An open letter to Craig McLachlan.

Dear Craig – and every other man who claims that women who have accused them of sexual harassment are doing it for ‘fame and money’,

At the time of writing, three of your former co-workers on The Rocky Horror show have made allegations to Fairfax and the ABC – also police, lawyers, their union and doctors – that you sexually harassed and indecently assaulted them. Overnight, two more former cast members have gone to police to make further statements and police have confirmed that they are now investigating.

In response to these disturbing, eerily similar claims, you told journalist Kate McClymont that the allegations from all the women were “baseless”, “all made up”, and “they seem to be simple inventions, perhaps made for financial reasons, perhaps to gain notoriety”.

How very, very wrong you are.

The women who have come forward and made allegations against you are looking for neither fame nor money. To claim that they are is cynical, cruel and preposterous.

These women did not take their shocking allegations to a book publisher to shop a deal.
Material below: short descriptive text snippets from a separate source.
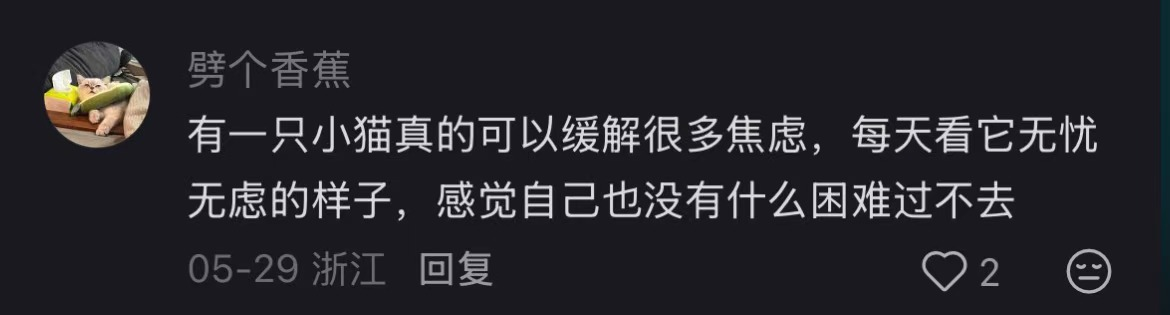 读博养猫 猫咪治愈 科研精神支柱_养小猫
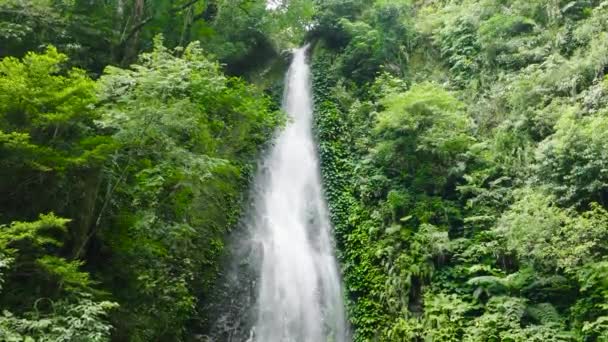 Pulang Tubig Şelalesi Bir Dağ Geçidinde Yavaş Çekimde Tropikal Ormanda — Stok video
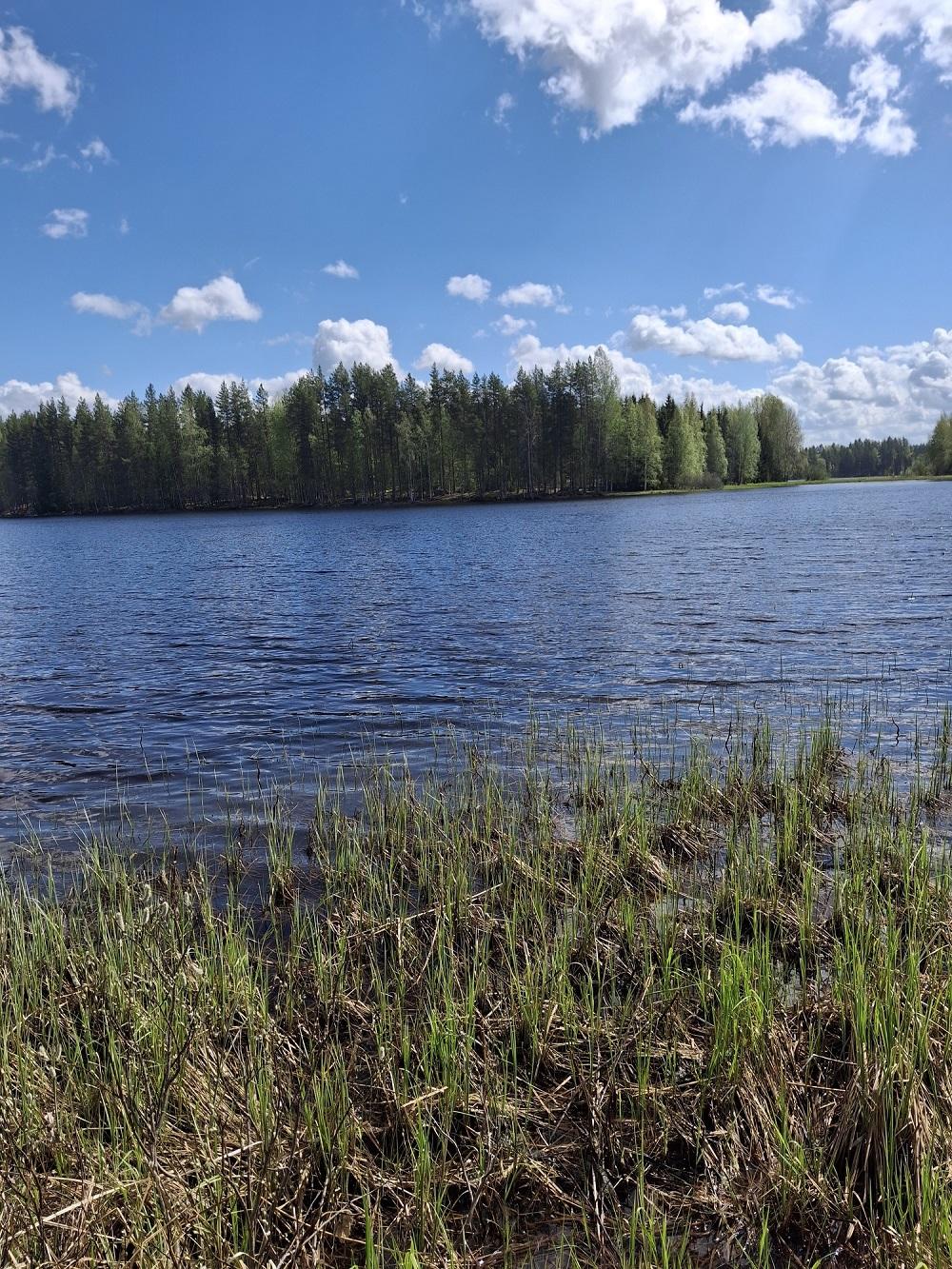 Purhontie 233, Pelonniemi, Kuopio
They did not approach Woman’s Day to sell a story.

Angela Scundi speaks out on the 7.30 Report.

They went to their managers. They went to police. They went to their doctors. They went to their union. They told their co-workers and their families. And finally, they spoke to the media. They did not seek nor did they receive payment for telling the painful stories of what they claim happened to them in their workplace.  They just wanted to be safe at work and for other women to be safe too. To be able to show up at their workplace each day to do their damn jobs like the professionals they are.
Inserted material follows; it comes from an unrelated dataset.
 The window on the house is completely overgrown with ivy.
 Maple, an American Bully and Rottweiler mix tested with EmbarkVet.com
Grotesquely - yet predictably - like so many before, you have defiantly claimed your accusers are chasing fame and money but here’s what you don’t understand. No woman who is sexually harassed at work wants the infamy that comes with being the one who speaks out. That’s why so few of us do and why it takes us so long to do it.


In another attempt at a defence, you told Kate McClymont that your accusers had "thousands of opportunities to raise these accusations" despite the fact some of them claim that concerns were, in fact, raised at the time to no effect.
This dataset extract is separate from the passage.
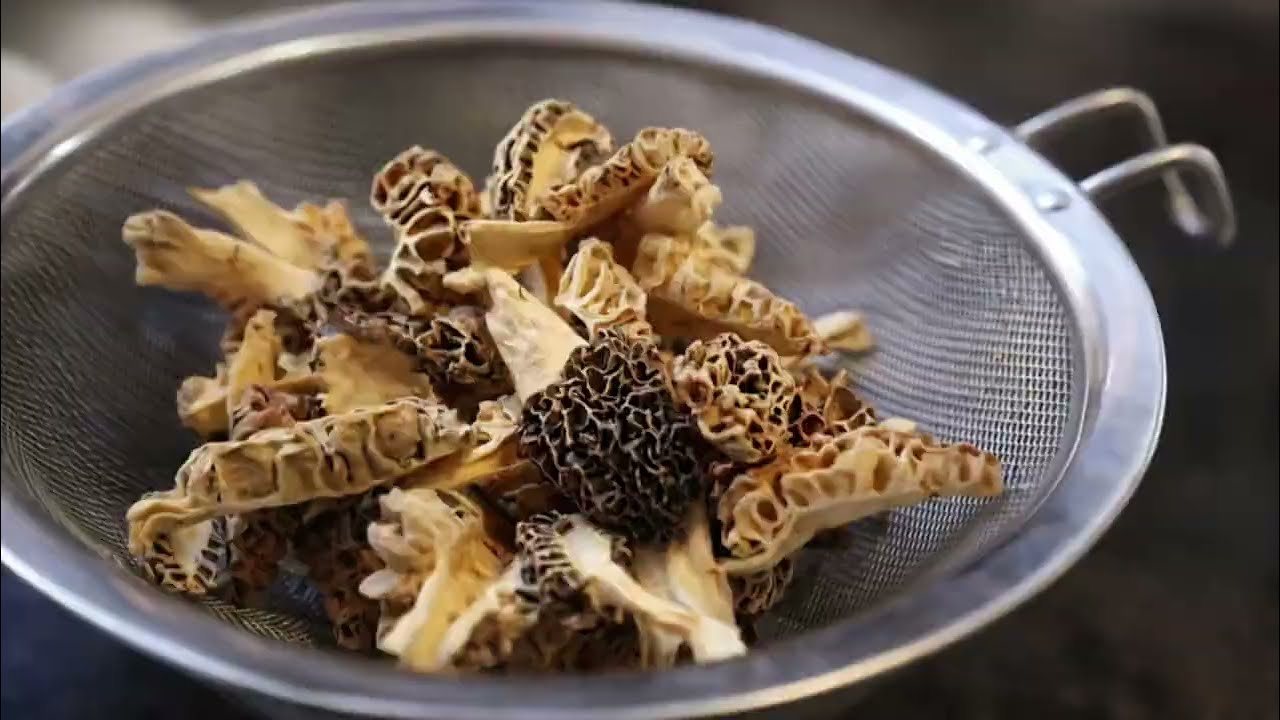 From the Garden, Woods and Farm to the Table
Why didn't these women speak out publicly until now? For the exact opposite of the reasons you suggest - every woman who is sexually harassed fears fame and fears the potential loss of income associated with speaking out.

They didn't speak out in the media earlier because they were scared. Because they didn’t want to lose their jobs. Because the key to sexual harassment is that the alleged harasser has more power than their victim. More fame, more money, more influence. And that equals power in every industry. Your accusers  - just like every woman who claims to have experienced sexual harassment at work - were frightened of being sacked, of having their names and reputations smeared, of being branded a ‘trouble-maker”.

Craig McLachlan
"Because you have more fame and money than they do and that equals power in every industry." Image via Getty.

None of the women who made claims against you are household names to the same extent as you are. None of them have the ability to get top billing in their industry like you do. None of them have your power, your influence, your clout, your media profile.

Why does it often take women so long to speak out? Because we are programmed with a strong fight-or-flight response. Our instincts tell us to get away from a perceived threat and keep fleeing until we are safe. Don’t rock the boat. Don’t be that girl. Don’t make trouble. This is ingrained into us. No woman wants the responsibility of collateral damage to innocent bystanders. Or of her story blowing up and having their names associated with something so ugly. Coming forward publicly is an act of last resort and done in most cases in a bid to warn and protect other women.


We do it for our sisters.

But mostly, we stay silent. Before the past few months, before Harvey Weinstein and #metoo, many of us believed that what happened to us was not a story that anyone would care about. Many of us who experienced sexual harassment years or decades ago didn’t even know there was a name for the distressing, demeaning behaviour we endured from our bosses and co-workers. Staying silent until this moment is not the same thing as opportunism, Mr McLachlan. You are so very wrong about that too.

We are speaking out now to protect other women. Because even though we ourselves may be out of harm’s way, we know that others are not and we want to protect them, to stand up for them, our sisters. That is the moment we are living in.

There is literally nothing in this for the women claiming they've been harassed. Accusing a famous, rich, powerful man of sexual harassment is not a path to riches. In fact, it’s often the opposite. The women who speak up are extraordinarily brave and often extremely traumatised.

That’s why they are so brave for coming forward and speaking out.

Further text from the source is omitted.